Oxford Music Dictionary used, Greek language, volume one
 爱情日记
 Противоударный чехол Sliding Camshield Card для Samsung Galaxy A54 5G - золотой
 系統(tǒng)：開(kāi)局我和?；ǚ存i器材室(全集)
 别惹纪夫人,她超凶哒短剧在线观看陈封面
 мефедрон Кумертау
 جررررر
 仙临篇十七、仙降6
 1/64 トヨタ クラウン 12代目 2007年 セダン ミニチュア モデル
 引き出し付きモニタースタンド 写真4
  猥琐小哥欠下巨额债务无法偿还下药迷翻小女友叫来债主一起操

==

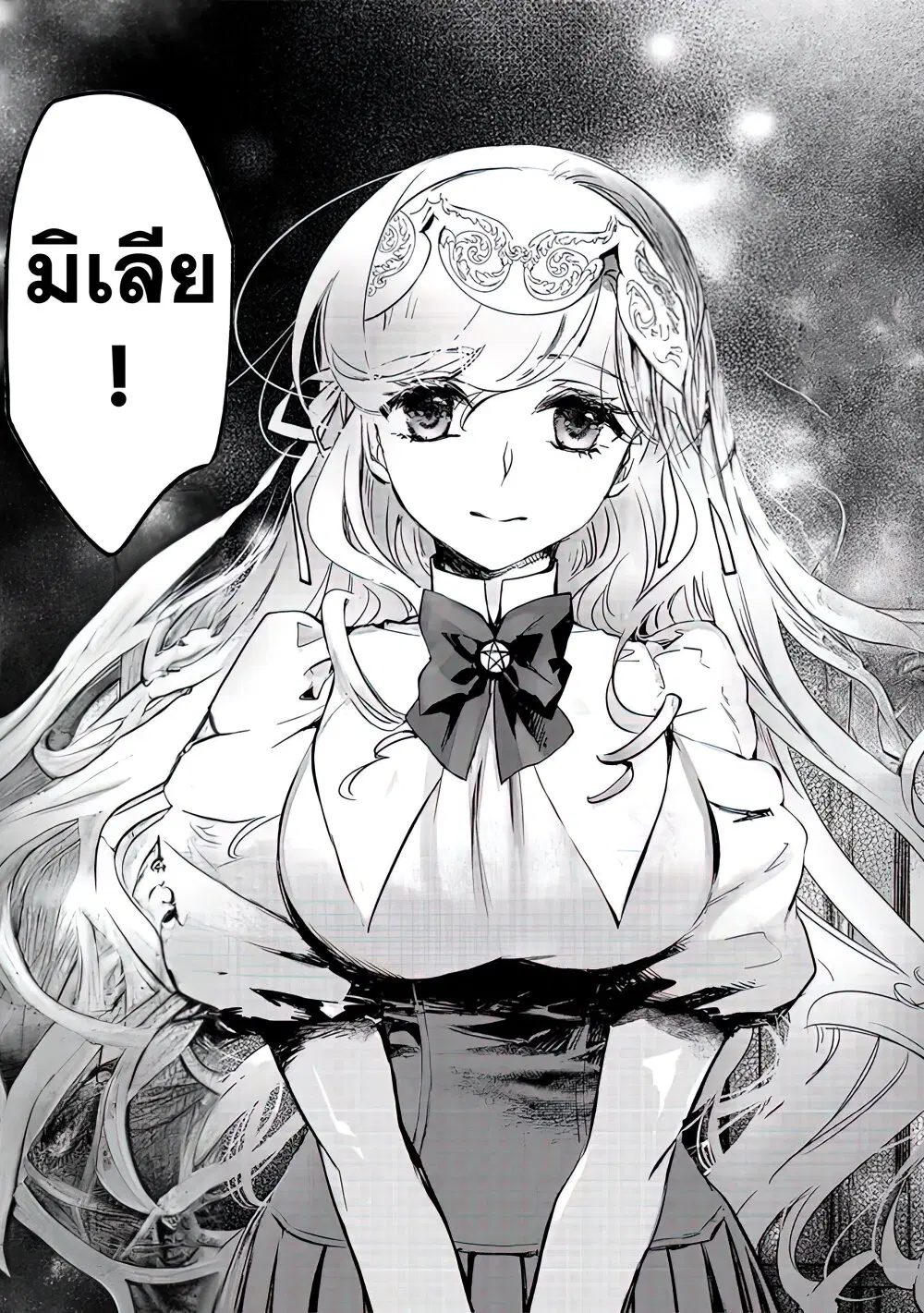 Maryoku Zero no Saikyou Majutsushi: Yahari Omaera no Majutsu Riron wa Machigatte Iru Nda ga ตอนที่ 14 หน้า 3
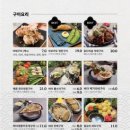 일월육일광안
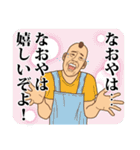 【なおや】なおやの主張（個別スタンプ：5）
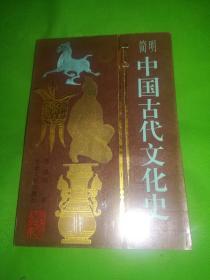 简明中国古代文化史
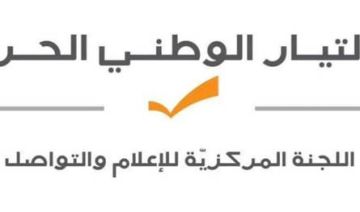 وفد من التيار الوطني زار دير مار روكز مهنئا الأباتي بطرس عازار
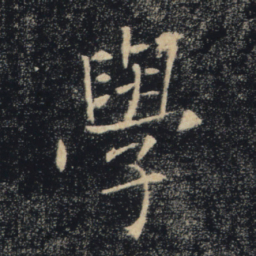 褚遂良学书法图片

### TASK PROMPT:
Above are the entries. Quote exactly the lines from the one bearing "мефедрон Кумертау" through the one bearing "猥琐小哥欠下巨额债务无法偿还下药迷翻小女友叫来债主一起操".

### RESPONSE TO THE TASK:
 мефедрон Кумертау
 جررررر
 仙临篇十七、仙降6
 1/64 トヨタ クラウン 12代目 2007年 セダン ミニチュア モデル
 引き出し付きモニタースタンド 写真4
  猥琐小哥欠下巨额债务无法偿还下药迷翻小女友叫来债主一起操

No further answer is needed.